His constant wry observations about what he encounters, from teachers to phonies (the two of course are not mutually exclusive) capture the essence of the eternal teenage experience of alienation.
My Review:  I originally picked this book up because I was assigned to read it in my English class.  Normally, I totally resent and dislike the books I'm forced to read, especially if they are thrust into my hands by a teacher.  However, this one was different.
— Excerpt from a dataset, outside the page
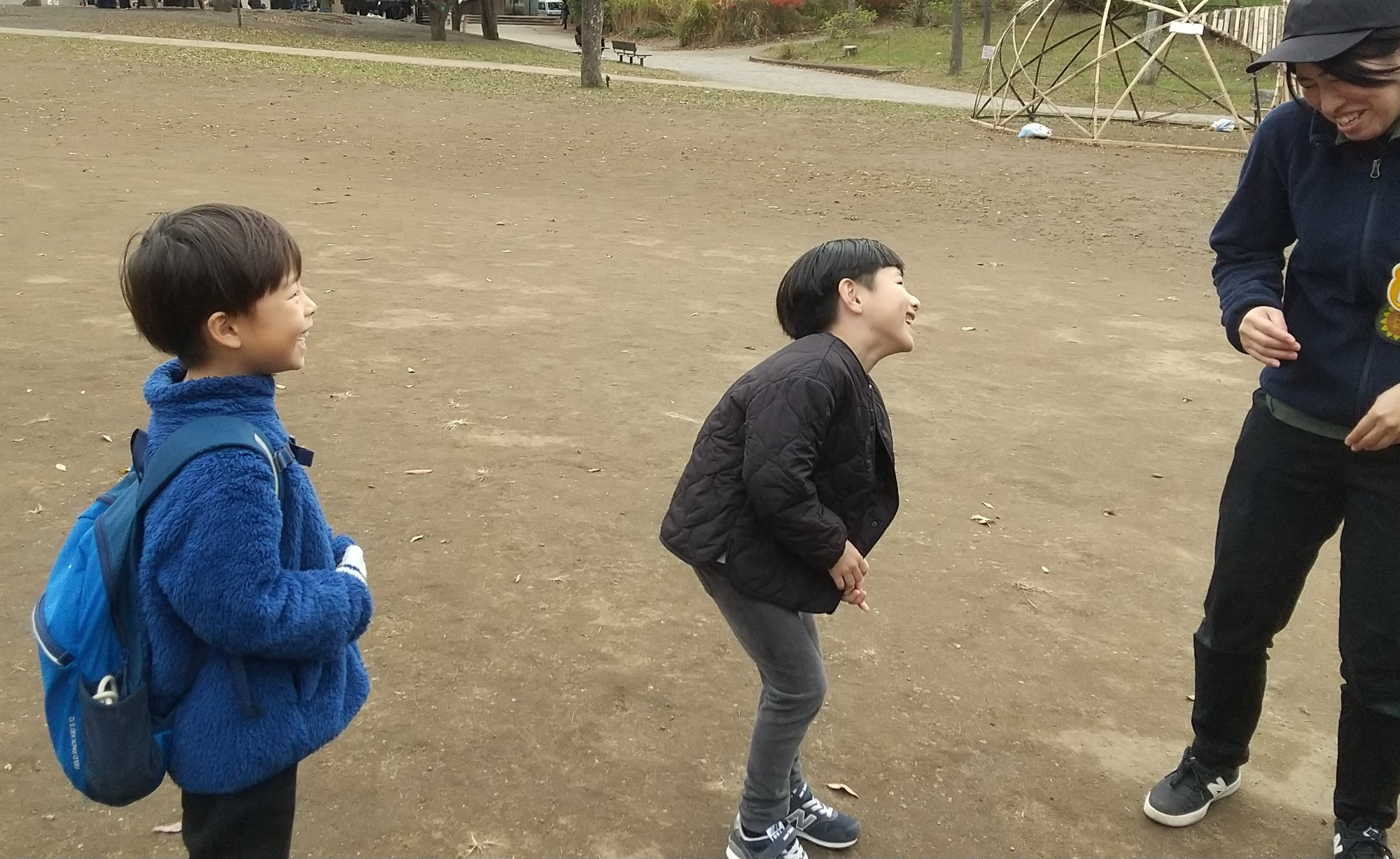 スタッフと笑う子どもたち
I was completely blown away by this novel.  

Holden Caulfield, our main character, was someone who I connected with and felt for immediately.  He's just been expelled from prep school - again - and with only a few days left until break and when he has to leave permanently, he decides to travel to New York and spend the time doing what he wants before it's time to go back home.  This story focuses on those days of freedom and the challenges Holden is met with.  

Though I have never personally been in the situations Holden is put in, I know many people who have had to deal with the thoughts and feelings he experiences throughout the book.  Seeing him feel so horribly about the world and about other people as well as himself, I couldn't help but just want to wrap him up in a hug.  My heart ached for him and I desperately wanted to see his problems fixed though it was not that simple.  He experiences and has to fight through a lot of different things in these few days and it was interesting to see how he took each of them.  His opinions and moods changed so quickly in situations like these.  He went from happy and excited to grudging and angry at the flip of the hat and saw everyone as "phonies".  I did think it was interesting how he called nearly every single person he met phony while he wasn't exactly truthful himself.  His unreliable narration throughout the novel highlighted the irony of that fact.  He wasn't truthful with the people he encountered and he wasn't truthful with himself.  

I really liked the harder questions and situations expressed in this novel and seeing a boy so young deal with them was difficult but very interesting.  His aversion to change was something I think all teenagers have had to deal with at one time or another and, while the way he handled it was far from ideal, it was an extremely relatable fear and anxiety and also very understandable considering his past with the death of his brother, Allie.  Holden was so against the idea of adulthood and growing up and clung so desperately to childhood and the innocence that children possess that he had trouble dealing with the adult issues he was faced with.  Every adult he meets is, in his eyes, some terrible being while every child is the source of all good and happiness.  

The Catcher in the Rye is a classic and is for a reason.  The main character, Holden Caulfield, is equally relatable and heartbreaking.  His story was one that I found myself drawn to and completely immersed in.  His feelings and thoughts are things that have touched my heart and am sure will touch many more people who read this book in the future.  

Five Cards

1 comment:

  1. This is one of those books where it makes a big difference what age you are when you read it. I read it when I was a teen and loved it. Most people who read it when they're older have forgotten what it felt like at that age and don't understand the fuss.